Polizei Mönchengladbach: Ermittlungen gegen drei Führungskräfte wegen Mobbing und Fehlverhalten.
Drei Polizei-Führungskräfte des Polizeipräsidiums Mönchengladbach sind aufgrund schwerwiegender Vorwürfe vorläufig suspendiert worden. Der Verdacht betrifft unter anderem Mobbing, sexualisierte Sprache und grenzüberschreitendes Führungsverhalten. Die Ermittlungen laufen, auch gegen weitere Beamte stehen Vorwürfe im Raum.
Bei der Polizei Mönchengladbach wurde gegen drei Führungskräfte mit Führungsaufgaben ein Ermittlungsverfahren eingeleitet. Auslöser sind „schwerwiegende Vorwürfe“ bezüglich Mobbing, sexualisierter Sprache, grenzüberschreitendem Führungsverhalten und anderweitigem Fehlverhalten gegenüber Polizeibeamtinnen und -beamten. Dies bestätigte die Polizei öffentlich am 25. April 2026 (taz).

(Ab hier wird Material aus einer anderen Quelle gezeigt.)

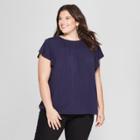 Women's Plus Size Flutter Short Sleeve Top - Ava & Viv Navy (blue) X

Die betreffenden Männer wurden vorläufig vom Dienst suspendiert. Die Polizei Aachen hat die Ermittlungen übernommen, nachdem die Staatsanwaltschaft Mönchengladbach einen Anfangsverdacht für Straftaten festgestellt hatte. Über mögliche konkrete Straftatbestände wurde bislang keine Auskunft gegeben. Auch gegen andere Beamte derselben Dienstgruppe werden Vorwürfe geprüft, diese wurden jedoch nicht suspendiert. Laut Angaben der Polizei existieren die Verdachtsmomente teils schon seit mehreren Jahren, betroffen sind Polizeibeamtinnen und -beamte im Alter von 20 bis 40 Jahren.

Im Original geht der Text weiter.